Semprini v. Wedbush Securities, Inc. (CA4/3 G057740 11/9/20) Wage and Hour Exemption/Commissions
Labor Code section 515 allows for the establishment of overtime pay exemptions for employees who perform certain duties and who “earn[ ] a monthly salary equivalent to no less than two times the state minimum wage for full-time employment.” A compensation plan based solely on commissions, with a recoverable draw against future commissions, does not qualify as a “salary” for purposes of the administrative exemption to overtime pay.
Midwest Motor Supply Co. v. Super. Ct. (CA1/4 A160096 10/28/20) Wage and Hour/Forum Selection
Labor Code section 925 allows an employee to void a forum selection clause in an employment contract “entered into, modified, or extended on or after January 1, 2017.” Modification of the compensation provision of the employee’s contract in 2017 triggered application of Labor Code section 925, even though the employment contract originally was executed in 2014 and the 2017 modification did not modify the forum selection clause.
Carroll v Commission on Teacher Credentialing (CA3 C083250 10/23/20) Whistleblower Retaliation/Attorney-Client Privilege
Jury verdict on plaintiff’s whistleblower complaint reversed because trial court committed prejudicial error by allowing plaintiff’s counsel to question witnesses on and ask the jury to draw negative inferences from defendants’ exercise of the attorney-client privilege, without giving the jury the mandatory curative instruction required by Evidence Code section 913.
Kramer v. Traditional Escrow (CA4/3 G058522 10/20/20) Wage and Hour/Default Judgment/Equitable Relief
After the defendant employer answered the initial complaint, it changed its mailing address, email address, and telephone number without notifying plaintiff or the court. As a result of not receiving the amended complaint, the employer failed to file a response, and default judgment was entered. The trial court set aside the default judgment on the employer’s motion. The appellate court reversed, finding the employer’s failure to respond to the amended complaint was due to its own negligence.
Doe v. Google, Inc. (CA1/4 A157097 9/21/20) PAGA/NLRA/Garmon Exception
Plaintiffs’ claims under the California Labor Code Private Attorneys General Act, alleging their employer’s confidentiality policies restricted their speech in violation of California law, were not preempted by the federal National Labor Relations Act. The “local interest exception” to preemption applied because the state law claims concerned individual, not collective, activity, and thus could be proven without considering whether the policies also amounted to unfair labor practices under federal law.

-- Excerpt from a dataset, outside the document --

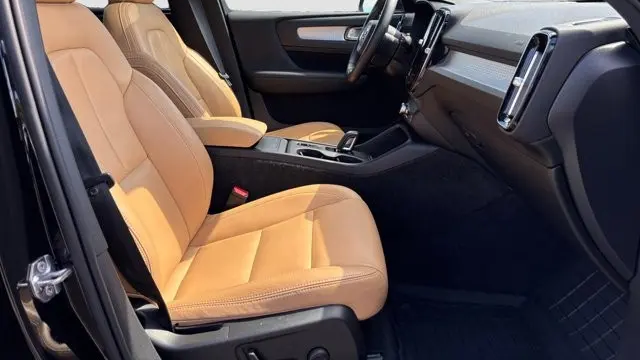 2019 Volvo XC40 T5 Momentum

SEIU Local 121RN v. Los Robles Geg’l Med. Ctr. (9th Cir. 19-55185 9/18/20) Arbitration/Collective Bargaining Agreement
When a collective bargaining agreement is silent on the issue, a court—not an arbitrator—is to determine whether the parties’ dispute is subject to arbitration under the contract’s arbitration clause. Prior to this decision, the Ninth Circuit had held that in the labor arbitration context arbitrability is to be decided by the arbitrator when the contract is silent. The court majority noted that this differential treatment of labor arbitration has been undercut by subsequent U.S. Supreme Court precedent holding that arbitrability should be treated the same in the labor and commercial contexts.
Belgau v. Inslee (9th Cir. 19-35137 9/16/20) Deduction of Union Dues/First Amendment
A voluntary membership agreement that requires payment of union dues for an irrevocable one-year period does not violate the First Amendment because it does not compel financial support of a union in violation of Janus v. AFSCME Council 31 (2018) 138 S.Ct. 2448.
Dept. of Fair Employment and Housing v. Cathy’s Creations, Inc. (CA5 F077802 9/9/20) Prevailing Defendant in DFEH Action/Attorneys’ Fees [applicable to employment cases]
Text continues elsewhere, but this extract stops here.